Add chapter about CPU features dispatching into docs #2945

Vika-F · 2024-10-15T09:01:54Z

This PR adds the chapter that describes how CPU features dispatching is implemented in oneDAL into the documentation.

Checklist to comply with before moving PR from draft:

PR completeness and readability

I have reviewed my changes thoroughly before submitting this pull request.
I have commented my code, particularly in hard-to-understand areas.
Git commit message contains an appropriate signed-off-by string (see CONTRIBUTING.md for details).
I have added a respective label(s) to PR if I have a permission for that.
I have resolved any merge conflicts that might occur with the base branch.

CONTRIBUTING.md

docs/source/contribution/cpu_features.rst

david-cortes-intel · 2024-10-18T11:27:36Z

Thanks for writing up this doc, it's very helpful.

A couple question after a quick look:

It suggests to put files under cpp/daal, but isn't that meant to be deprecated in favor of cpp/oneapi/dal?
Why are AVX512 intrinsics conditional on DAAL_INTEL_CPP_COMPILER? Aren't those also supported by GCC and CLANG when compiled with -march=avx512?

Co-authored-by: david-cortes-intel <david.cortes@intel.com>

Vika-F · 2024-10-18T12:05:49Z

@david-cortes-intel

Thanks for the prompt review!

It suggests to put files under cpp/daal, but isn't that meant to be deprecated in favor of cpp/oneapi/dal?

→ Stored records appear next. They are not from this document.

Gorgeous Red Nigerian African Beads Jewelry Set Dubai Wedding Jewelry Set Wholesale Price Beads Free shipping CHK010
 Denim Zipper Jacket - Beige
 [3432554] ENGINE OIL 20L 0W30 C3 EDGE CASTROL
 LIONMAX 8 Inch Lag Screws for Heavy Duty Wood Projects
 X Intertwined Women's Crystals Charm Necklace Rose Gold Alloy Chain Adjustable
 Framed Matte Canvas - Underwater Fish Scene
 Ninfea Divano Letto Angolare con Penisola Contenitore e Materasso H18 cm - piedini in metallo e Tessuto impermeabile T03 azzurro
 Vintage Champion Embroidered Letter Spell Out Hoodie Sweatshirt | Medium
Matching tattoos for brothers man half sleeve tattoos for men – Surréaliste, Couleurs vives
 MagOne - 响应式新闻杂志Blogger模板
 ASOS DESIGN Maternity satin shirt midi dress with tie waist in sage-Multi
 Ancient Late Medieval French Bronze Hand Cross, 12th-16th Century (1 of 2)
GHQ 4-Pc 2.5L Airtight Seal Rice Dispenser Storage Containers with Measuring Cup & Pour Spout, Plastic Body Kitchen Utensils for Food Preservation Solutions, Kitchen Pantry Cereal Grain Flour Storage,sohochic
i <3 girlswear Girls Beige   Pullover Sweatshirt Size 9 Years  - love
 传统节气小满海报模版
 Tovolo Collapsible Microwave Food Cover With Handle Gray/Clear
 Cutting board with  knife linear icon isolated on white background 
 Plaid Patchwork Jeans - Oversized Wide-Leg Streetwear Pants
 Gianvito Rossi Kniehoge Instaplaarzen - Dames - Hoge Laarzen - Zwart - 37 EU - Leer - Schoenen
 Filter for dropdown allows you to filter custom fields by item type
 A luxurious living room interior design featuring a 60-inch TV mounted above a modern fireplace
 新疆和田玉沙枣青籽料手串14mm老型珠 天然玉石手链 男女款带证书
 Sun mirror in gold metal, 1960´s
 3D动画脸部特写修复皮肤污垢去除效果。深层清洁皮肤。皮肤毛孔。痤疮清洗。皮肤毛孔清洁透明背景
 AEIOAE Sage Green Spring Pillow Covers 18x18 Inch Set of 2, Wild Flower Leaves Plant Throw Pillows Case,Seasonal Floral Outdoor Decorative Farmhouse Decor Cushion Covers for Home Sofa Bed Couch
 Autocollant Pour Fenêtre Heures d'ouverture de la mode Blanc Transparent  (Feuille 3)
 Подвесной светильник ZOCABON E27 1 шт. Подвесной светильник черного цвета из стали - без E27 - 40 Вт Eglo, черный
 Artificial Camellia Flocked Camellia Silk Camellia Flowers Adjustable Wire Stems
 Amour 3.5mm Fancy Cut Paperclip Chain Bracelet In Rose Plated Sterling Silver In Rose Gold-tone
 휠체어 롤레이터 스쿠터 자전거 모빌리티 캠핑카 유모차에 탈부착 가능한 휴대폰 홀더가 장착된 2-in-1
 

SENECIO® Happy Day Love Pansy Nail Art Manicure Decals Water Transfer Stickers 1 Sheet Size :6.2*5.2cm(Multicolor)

No, daal only deprecated as the API. but all the computational kernels for CPUs, otherwise, are implemented in cpp/daal.
And cpp/oneapi/dal only provides the new APIs and doesn't contain actual implementations for CPUs.

Someday the chapter about high-level oneDAL folders structure and what is located where and how all the parts connect will also be added I hope.

Why are AVX512 intrinsics conditional on DAAL_INTEL_CPP_COMPILER? Aren't those also supported by GCC and CLANG when compiled with -march=avx512?

It is probably because most of the CPU-specific functionality like intrinsics are compiler-specific.

docs/source/contribution/cpu_features.rst

…into dev/cpu_features_docs

docs/source/contribution/cpu_features.rst

Vika-F · 2024-10-21T09:42:12Z

@keeranroth and @rakshithgb-fujitsu, can you please take a look at this chapter?
It considers only x86 for now, but the similar code structure might be implemented for RISC-V and ARM to support various instruction set architectures.

rakshithgb-fujitsu · 2024-10-21T11:16:01Z

more of a question rather than a suggestion, the service defines for compiler macros defined here - https://github.com/oneapi-src/oneDAL/blob/main/cpp/daal/src/services/service_defines.h specifically regarding the ones that are mentioned for GNU and others, they don't really translate to any compiler hints. Does this mean that only icx compiler can leverage those hints in its current state?

Going forward since multiple architectures are supported, the compiler hints might be architecture specific, how would this be handled?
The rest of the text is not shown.